I was on the 10th day of this long study leave – that we got before we had our last exam – when the news broke out about how the same will be postponed to a date that was still undecided.

Strangely, in the latter half of the final year of high school, no matter how much you might have loathed your school life at one point, you still develop a sweet spot for the same. You wish school hadn’t ended that soon.

But, with CBSE keeping you in the dark about your own future and the long wait that comes with it I’m sure is not your ideal way to spend the last few days of your so called school life.

From how I perceived it, my life had basically come to a standstill. I didn’t feel the need to attend to my chapters for an exam that I didn't even know was going to commence in the first place.

Because, for all I knew, there was always some talk about our internal assessment marks to be substituting our final scores in the report card.

By the month of May, when my juniors were directly promoted without having the need to sit for an exam and started with their online classes, I would still wonder as to what answer do I give to my relatives when they inquire about which class I’m in.

I was definitely not in Class 12 when a batch lower to me was studying the same course as me and neither was I looking out for colleges. The latter reminds me of how we all must have planned out this entire road map about which colleges we’d apply for and the cities that we’d eventually move to.

To say that we were off the course in the said roadmap would be an understatement when we didn’t even know what the future held for us.

Ukulele on YouTube: How I Kept Going

It felt like years since I last saw my friends. What we planned to be small meetups at cafes had then changed into virtual meetings.

But that didn’t in any way dull the ardent desire to actually go out because no matter how much I loved to just laze around on the couch with a favourite book, the lockdown proved to be difficult when I would realise that the last time I was actually out was to sit for my Economics exam and how I thought this was funny but it irked me at the same time.

Times were already grim every time we saw a fresh surge in the COVID cases.

Needless to say all of this was taking a serious toll on my mental health, with my sleep schedule in absolute ruins. Sure, I didn’t know when all of this was going to end but that didn’t mean I couldn’t make the most of what people addressed as the ‘new normal’ now.

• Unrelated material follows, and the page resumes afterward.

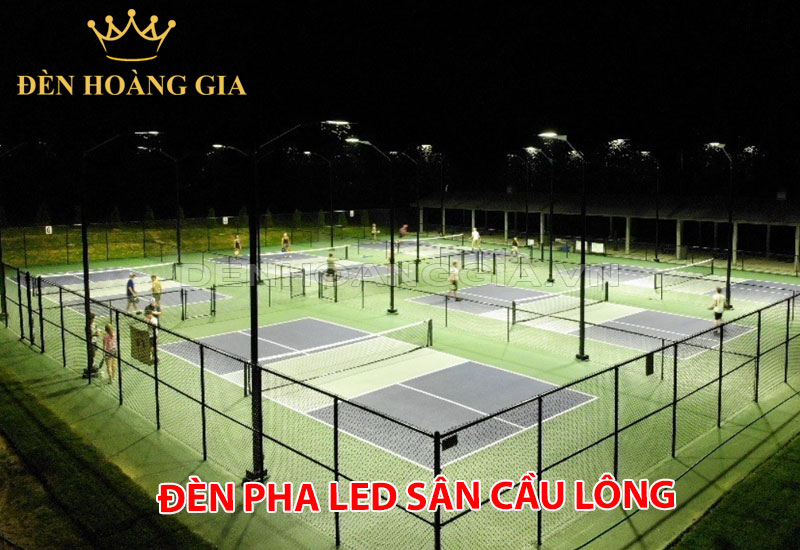 den-pha-led-san-cau-long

Now that I didn’t have to worry about assignment deadlines and tuitions, I realised I could focus my energy and my time on all those things that I always wanted to do, which my otherwise busy schedule prevented me from doing so.

  • YouTube had come to my rescue when I wanted to learn the ukulele.
  • The DSLR at the far corner of my room that I had once purchased in hopes of trying my hand at ‘filmmaking’ now had my undivided attention as I went on countless shoots in my terrace trying different camera movements to imitate those of my favourite directors (one that I failed miserably in)
  • And, of course the many graphic illustrations that I made just because I always wanted to try my hand at designing that I am never going to show to anyone because I failed at this one too.

At the end of the day, even though most of my endeavours didn’t really prove to be a success, I was still content in a way because now I at least don't bear the regret of not having tried the same things earlier.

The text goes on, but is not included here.